The stress on a spherical pressure vessel is pR/2t (p=pressure, R=radius, t=thickness). You can see that both materials behave the same here: our low-density foam is only half as strong, but we can meet that requierment by doubling the thickness. We end up with the same mass since we have twice the volume at half the density.

Buckling is a different story. The classical stress limit is 2Et[sup]2[/sup]/BR[sup]2[/sup]. E is Young’s modulus, which will also be halved for our low-density diamond. B is a unitless constant. The important thing is that it’s proportional to thickness squared. So our diamond foam has twice the buckling resistance here: E got halved, but t[sup]2[/sup] went up by 4x.

If we have some means of making arbitrarily low-density materials (say, with a fractal microstructure), then we can achieve the same overall compressive strength (which depends on specific strength) but arbitrarily high buckling resistance for a given mass target.

In fact you don’t even really need fancy microstructure. Give me a few truckloads of 1 cm x 25 cm diamond rods (and some Tinkertoy connectors) and I can build a truss that achieves the same effect.

That’s changing the geometry and the density, not changing the density. The entirety of the buckling resistance gain is from the change in geometry. It’s like saying an I-beam with slightly smaller linear weight but much higher I has better buckling resistance because of density change.

If the density is what mattered you could have two materials A and B with the same modulus and make shells out of them with the same thickness and have the less dense one have a higher buckling resistance.
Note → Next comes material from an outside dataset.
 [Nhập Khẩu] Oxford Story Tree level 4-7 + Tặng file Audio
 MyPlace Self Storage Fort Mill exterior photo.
All I said is that density is a parameter, not that it was the only parameter. It’s impossible to build a vacuum balloon as a thin-wall spherical vessel using a dense, homogeneous material. Lower the density, however, and it becomes possible.

There’s no real distinction between materials and geometry, anyway. The microscopic geometry of a material has an enormous effect on its properties.

As for your I-beam, I *would *say it has better buckling resistance–per unit mass, that is.